# Adaptive Speculative Decoding

Adaptive speculative decoding lets SGLang adjust `speculative_num_steps/speculative_num_draft_tokens` at runtime instead of keeping a single fixed value for the whole server lifetime.
It is designed for workloads whose accept length changes over time, where one static step count is rarely optimal.

## Current support

- Only `--speculative-algorithm EAGLE`
- Only `--speculative-eagle-topk 1`
- If either condition is not met, SGLang falls back to static speculative settings

## Why adaptive steps help

`speculative_num_steps` controls how many draft-model autoregressive steps run in each speculative round. In practice, the best value depends on the current workload.

- If `num_steps` is too small, the draft model could have produced more accepted tokens, but the round stops too early.
- If `num_steps` is too large, the draft model produces many candidate tokens that the target model rejects, so extra draft work is wasted.

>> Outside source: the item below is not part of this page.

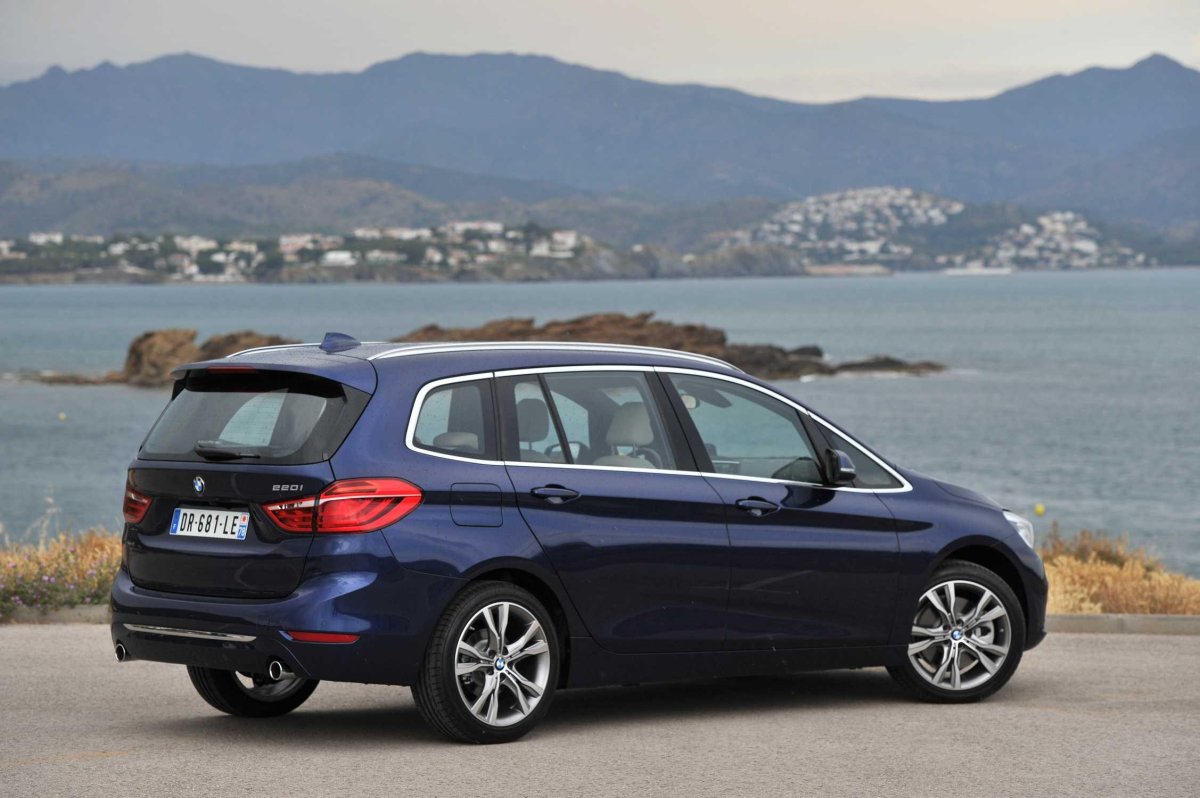 BMW 220i Gran Tourer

Real traffic often moves between high-acceptance and low-acceptance phases, so one fixed step count is usually a compromise. Adaptive mode tries to follow the workload instead of hard-coding a single global `num_steps`.

## Design overview

The adaptive mechanism has three pieces:

- `AdaptiveSpeculativeParams`: the EMA-based policy
- `SpecRuntimeState`: the per-tier runtime state bundle
- `AdaptiveController`: the coordinator that chooses a tier and activates the matching runtime state

At startup, SGLang pre-builds one runtime state per candidate tier. By default, the candidate tiers are `candidate_steps = [1, 3, 7]`.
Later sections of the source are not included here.